WHAT YOU WILL DO: Below are some records. Return exactly their lines from the one containing "2026 Land Rover" through the one containing "Interview_Anissa_Fatima", and drop the pictures.

──────── RECORDS SHOWN ────────

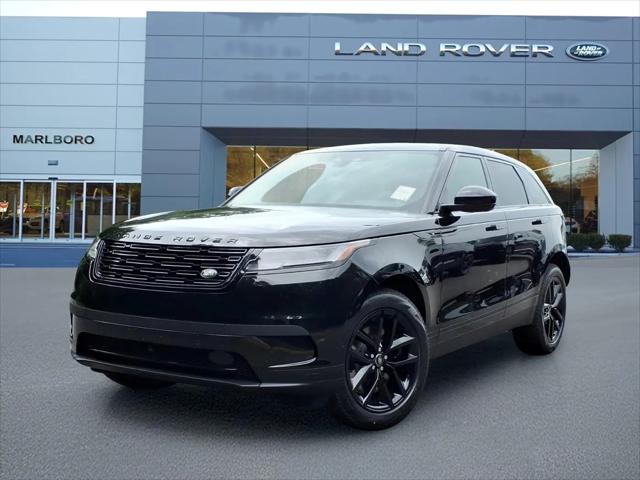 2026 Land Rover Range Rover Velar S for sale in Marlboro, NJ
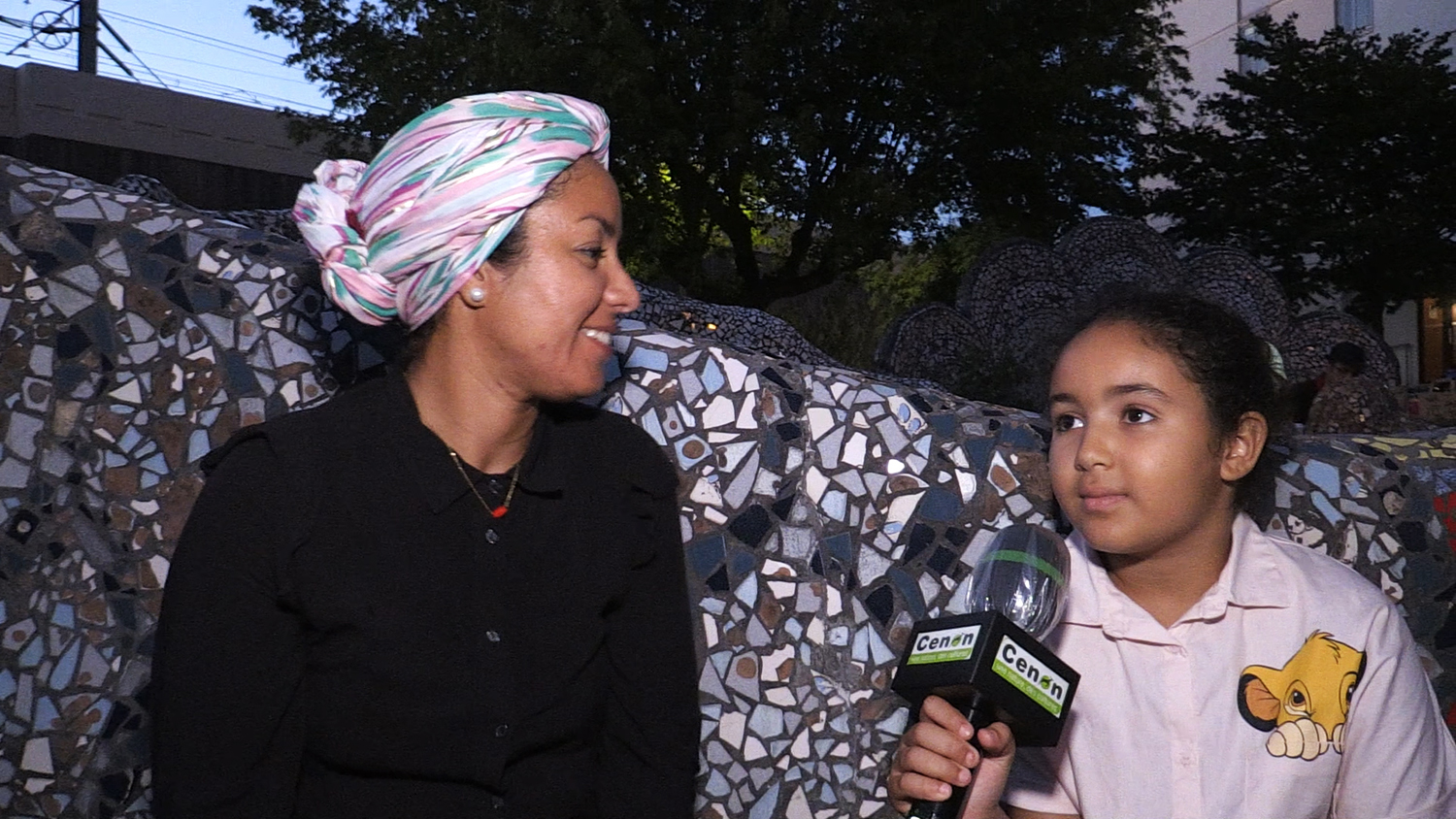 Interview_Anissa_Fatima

────────
──────── RECORDS SHOWN ────────

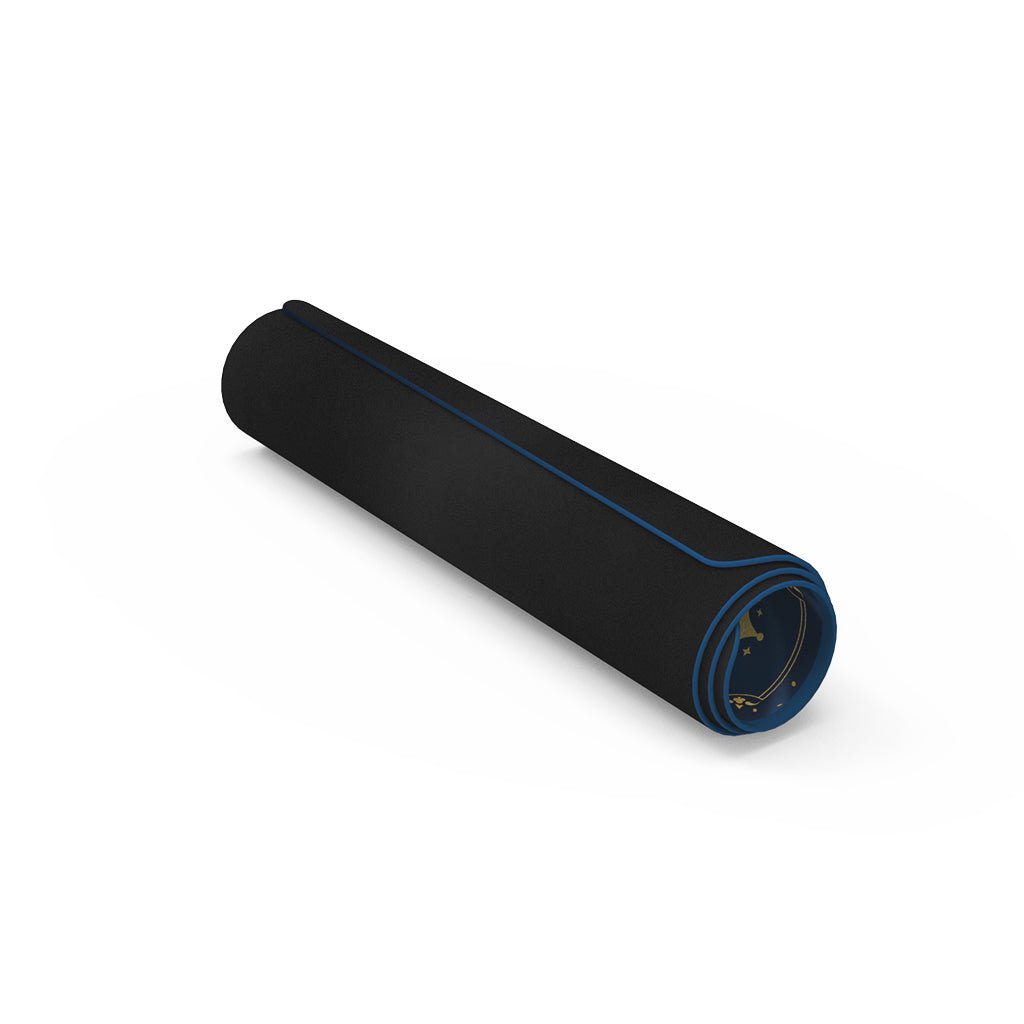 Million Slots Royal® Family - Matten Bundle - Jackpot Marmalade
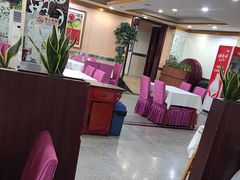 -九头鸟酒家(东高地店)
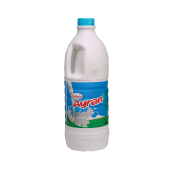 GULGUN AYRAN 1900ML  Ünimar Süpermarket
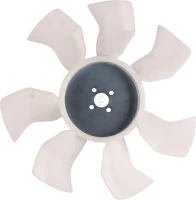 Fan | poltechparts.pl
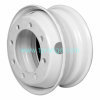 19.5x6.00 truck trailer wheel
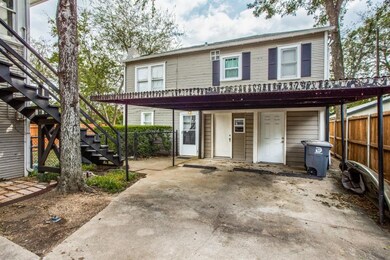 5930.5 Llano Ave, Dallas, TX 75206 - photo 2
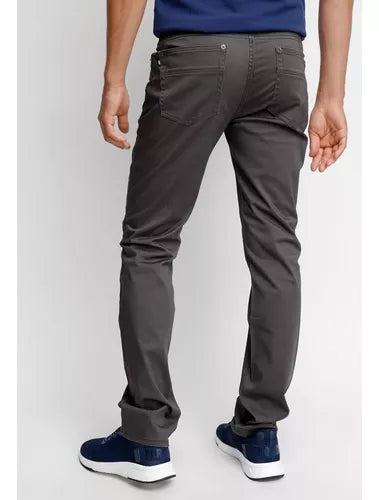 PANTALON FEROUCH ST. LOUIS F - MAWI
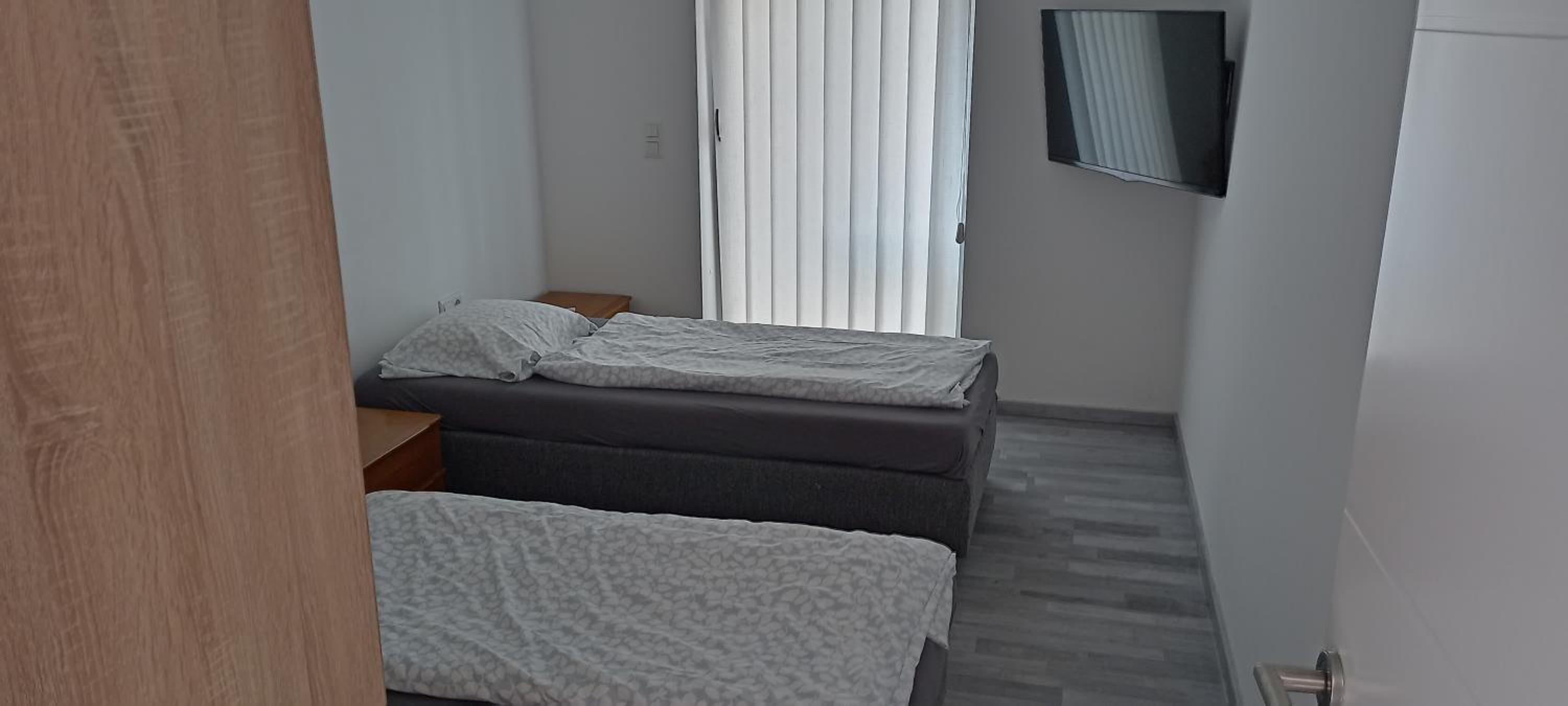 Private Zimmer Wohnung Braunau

────────

RESULT OF THE TASK:
 2026 Land Rover Range Rover Velar S for sale in Marlboro, NJ
 Interview_Anissa_Fatima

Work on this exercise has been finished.